Keduanya bukan hanya mencetak gol, tetapi juga menunjukkan koneksi permainan yang langsung menyatu—sesuatu yang jarang terlihat pada laga debut turnamen.
Dalam kemenangan meyakinkan Timnas Indonesia atas Saint Kitts & Nevis, duet ini tampil sebagai motor serangan yang efektif.
Beckham mencetak dua gol, sementara Romeny tak hanya menyumbang gol, tetapi juga membuka ruang dan mengatur ritme serangan.
Koneksi yang Terbangun Cepat
Yang membuat penampilan keduanya menonjol bukan sekadar kontribusi angka di papan skor. Pergerakan tanpa bola, umpan satu-dua, hingga pemahaman posisi menunjukkan bahwa chemistry mereka sudah terbentuk, meski tidak lama bermain bersama.

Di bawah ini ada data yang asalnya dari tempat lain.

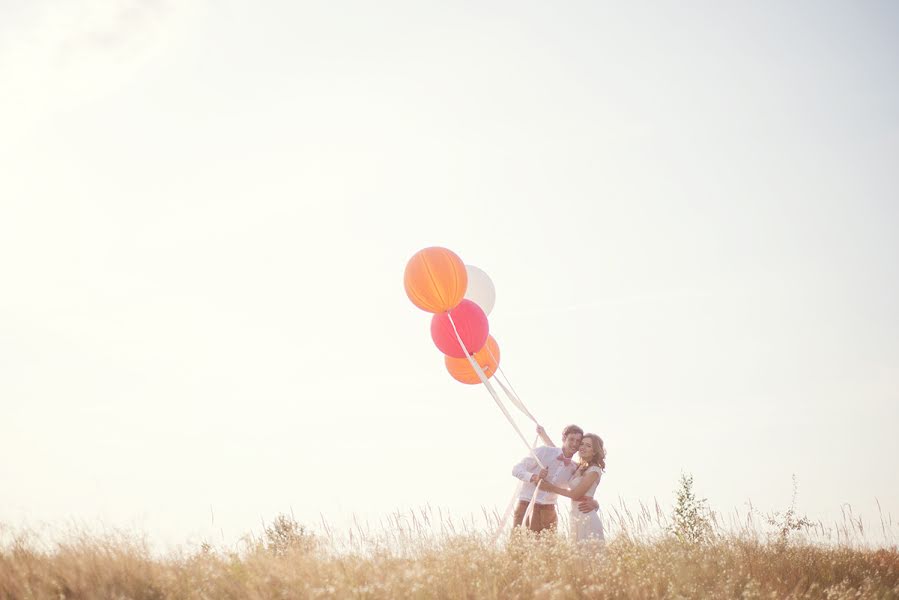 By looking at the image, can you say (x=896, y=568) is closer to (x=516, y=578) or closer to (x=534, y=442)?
(x=534, y=442)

Romeny kerap turun menjemput bola, menarik perhatian bek lawan, dan membuka celah yang dimanfaatkan Beckham dengan cerdik. Pola ini berulang dan menjadi salah satu kunci dominasi Indonesia sepanjang laga.
Beckham Putra: Finisher yang Makin Matang
Performa Beckham memperlihatkan peningkatan signifikan dalam pengambilan keputusan. Tidak hanya tajam di depan gawang, ia juga lebih tenang dalam membaca situasi.
Dua gol yang dicetak bukan kebetulan, melainkan hasil dari positioning yang tepat dan kejelian memanfaatkan peluang. Ini menjadi sinyal bahwa Beckham siap naik level sebagai andalan lini depan.
Romeny: Penghubung yang Menghidupkan Serangan
Sementara itu, Romeny tampil sebagai penghubung antar lini. Perannya tidak selalu terlihat dalam statistik, tetapi sangat terasa dalam aliran permainan.
Ia menjadi titik awal serangan sekaligus pengacau pertahanan lawan. Kombinasinya dengan Beckham menciptakan variasi serangan yang sulit diantisipasi.
Dampak ke Permainan Tim
Lebih dari sekadar duet individu, performa keduanya berdampak langsung pada keseluruhan permainan tim. John Herdman tampaknya berhasil membangun struktur permainan yang memungkinkan pemain menyerang tampil lebih bebas namun tetap terorganisir.
Chemistry yang cepat terbentuk ini menjadi indikasi bahwa Timnas tidak lagi bergantung pada satu pemain, melainkan mulai mengandalkan kerja kolektif.
Fondasi untuk Laga Berikutnya
Laga perdana ini bisa menjadi fondasi penting. Jika koneksi antara Romeny dan Beckham terus diasah, Indonesia berpotensi memiliki lini serang yang lebih tajam dan konsisten.
Tantangan berikutnya adalah menjaga ritme permainan saat menghadapi lawan dengan level lebih tinggi.
Namun, satu hal sudah terlihat jelas: Timnas Indonesia kini memiliki kombinasi pemain yang tidak hanya berbakat, tetapi juga saling terhubung.